### Instructions to follow:
Below are the records; copy exactly the stretch from the line containing "Seven Sisters Road, London, N4" through the line containing "Villa con giardino a colico sul lago di como", both ends included, and nothing else.

Records from a data collection
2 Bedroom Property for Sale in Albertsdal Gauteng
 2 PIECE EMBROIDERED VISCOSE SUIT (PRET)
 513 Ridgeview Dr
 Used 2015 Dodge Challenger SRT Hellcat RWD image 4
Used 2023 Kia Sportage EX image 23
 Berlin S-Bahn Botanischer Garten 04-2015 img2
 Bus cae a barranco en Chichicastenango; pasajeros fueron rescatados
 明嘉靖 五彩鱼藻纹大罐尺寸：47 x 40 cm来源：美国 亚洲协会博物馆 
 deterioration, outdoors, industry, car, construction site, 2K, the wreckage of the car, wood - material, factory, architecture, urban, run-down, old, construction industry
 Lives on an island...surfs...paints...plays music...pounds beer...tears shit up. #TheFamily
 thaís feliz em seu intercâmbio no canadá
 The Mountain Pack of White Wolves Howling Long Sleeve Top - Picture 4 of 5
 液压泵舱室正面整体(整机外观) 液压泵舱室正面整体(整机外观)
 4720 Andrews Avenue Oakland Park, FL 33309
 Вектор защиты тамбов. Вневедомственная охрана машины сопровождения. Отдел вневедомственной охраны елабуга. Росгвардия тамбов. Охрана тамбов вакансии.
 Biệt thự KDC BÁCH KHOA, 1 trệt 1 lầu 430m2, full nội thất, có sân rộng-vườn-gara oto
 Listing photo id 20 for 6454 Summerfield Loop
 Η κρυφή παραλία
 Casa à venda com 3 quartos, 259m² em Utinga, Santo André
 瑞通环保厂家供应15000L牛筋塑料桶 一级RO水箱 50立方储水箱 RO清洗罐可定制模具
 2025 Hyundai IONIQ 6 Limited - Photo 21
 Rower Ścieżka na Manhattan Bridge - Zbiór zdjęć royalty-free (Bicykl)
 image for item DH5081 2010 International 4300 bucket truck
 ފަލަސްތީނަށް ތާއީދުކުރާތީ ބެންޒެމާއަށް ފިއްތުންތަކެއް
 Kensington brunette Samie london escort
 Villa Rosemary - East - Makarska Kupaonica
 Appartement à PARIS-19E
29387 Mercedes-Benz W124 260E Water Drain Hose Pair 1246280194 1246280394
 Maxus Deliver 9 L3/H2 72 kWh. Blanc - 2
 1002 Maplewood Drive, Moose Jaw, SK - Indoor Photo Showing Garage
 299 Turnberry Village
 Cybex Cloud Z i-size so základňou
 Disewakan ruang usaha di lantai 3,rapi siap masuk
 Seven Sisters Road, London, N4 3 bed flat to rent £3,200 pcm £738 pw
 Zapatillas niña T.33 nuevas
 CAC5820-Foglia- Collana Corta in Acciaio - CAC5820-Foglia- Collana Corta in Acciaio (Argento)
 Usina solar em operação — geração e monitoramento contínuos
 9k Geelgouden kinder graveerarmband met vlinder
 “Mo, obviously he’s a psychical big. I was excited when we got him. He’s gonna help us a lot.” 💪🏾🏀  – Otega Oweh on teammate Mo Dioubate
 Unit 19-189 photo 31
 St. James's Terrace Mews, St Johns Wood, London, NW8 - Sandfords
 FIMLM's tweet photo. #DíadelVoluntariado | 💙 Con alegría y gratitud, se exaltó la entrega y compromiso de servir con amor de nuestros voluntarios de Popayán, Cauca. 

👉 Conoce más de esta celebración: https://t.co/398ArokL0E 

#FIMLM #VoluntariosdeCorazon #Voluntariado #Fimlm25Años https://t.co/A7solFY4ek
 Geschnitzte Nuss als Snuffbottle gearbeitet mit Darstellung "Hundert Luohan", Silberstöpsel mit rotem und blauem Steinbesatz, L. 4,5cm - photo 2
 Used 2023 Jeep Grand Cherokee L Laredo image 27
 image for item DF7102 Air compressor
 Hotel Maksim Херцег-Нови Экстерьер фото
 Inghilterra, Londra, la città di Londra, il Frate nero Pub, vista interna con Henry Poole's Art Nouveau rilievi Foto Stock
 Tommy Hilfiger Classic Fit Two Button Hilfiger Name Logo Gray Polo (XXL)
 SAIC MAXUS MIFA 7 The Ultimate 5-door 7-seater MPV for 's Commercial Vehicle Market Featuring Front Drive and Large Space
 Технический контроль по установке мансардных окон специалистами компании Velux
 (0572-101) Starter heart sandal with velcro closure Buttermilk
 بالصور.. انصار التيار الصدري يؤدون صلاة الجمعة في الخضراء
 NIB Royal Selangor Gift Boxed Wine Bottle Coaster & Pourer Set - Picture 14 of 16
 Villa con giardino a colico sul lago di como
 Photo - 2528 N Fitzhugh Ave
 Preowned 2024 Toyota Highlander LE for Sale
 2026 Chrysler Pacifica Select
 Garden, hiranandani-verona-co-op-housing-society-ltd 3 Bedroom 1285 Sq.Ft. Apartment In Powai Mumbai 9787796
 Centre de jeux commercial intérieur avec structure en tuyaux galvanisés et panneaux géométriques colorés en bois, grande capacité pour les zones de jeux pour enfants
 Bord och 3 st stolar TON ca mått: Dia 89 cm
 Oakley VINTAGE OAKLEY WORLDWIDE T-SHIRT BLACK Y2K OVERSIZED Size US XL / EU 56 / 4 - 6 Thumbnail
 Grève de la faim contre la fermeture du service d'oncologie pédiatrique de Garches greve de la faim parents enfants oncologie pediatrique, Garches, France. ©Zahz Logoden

### Solution to this problem:
 Seven Sisters Road, London, N4 3 bed flat to rent £3,200 pcm £738 pw
 Zapatillas niña T.33 nuevas
 CAC5820-Foglia- Collana Corta in Acciaio - CAC5820-Foglia- Collana Corta in Acciaio (Argento)
 Usina solar em operação — geração e monitoramento contínuos
 9k Geelgouden kinder graveerarmband met vlinder
 “Mo, obviously he’s a psychical big. I was excited when we got him. He’s gonna help us a lot.” 💪🏾🏀  – Otega Oweh on teammate Mo Dioubate
 Unit 19-189 photo 31
 St. James's Terrace Mews, St Johns Wood, London, NW8 - Sandfords
 FIMLM's tweet photo. #DíadelVoluntariado | 💙 Con alegría y gratitud, se exaltó la entrega y compromiso de servir con amor de nuestros voluntarios de Popayán, Cauca. 

👉 Conoce más de esta celebración: https://t.co/398ArokL0E 

#FIMLM #VoluntariosdeCorazon #Voluntariado #Fimlm25Años https://t.co/A7solFY4ek
 Geschnitzte Nuss als Snuffbottle gearbeitet mit Darstellung "Hundert Luohan", Silberstöpsel mit rotem und blauem Steinbesatz, L. 4,5cm - photo 2
 Used 2023 Jeep Grand Cherokee L Laredo image 27
 image for item DF7102 Air compressor
 Hotel Maksim Херцег-Нови Экстерьер фото
 Inghilterra, Londra, la città di Londra, il Frate nero Pub, vista interna con Henry Poole's Art Nouveau rilievi Foto Stock
 Tommy Hilfiger Classic Fit Two Button Hilfiger Name Logo Gray Polo (XXL)
 SAIC MAXUS MIFA 7 The Ultimate 5-door 7-seater MPV for 's Commercial Vehicle Market Featuring Front Drive and Large Space
 Технический контроль по установке мансардных окон специалистами компании Velux
 (0572-101) Starter heart sandal with velcro closure Buttermilk
 بالصور.. انصار التيار الصدري يؤدون صلاة الجمعة في الخضراء
 NIB Royal Selangor Gift Boxed Wine Bottle Coaster & Pourer Set - Picture 14 of 16
 Villa con giardino a colico sul lago di como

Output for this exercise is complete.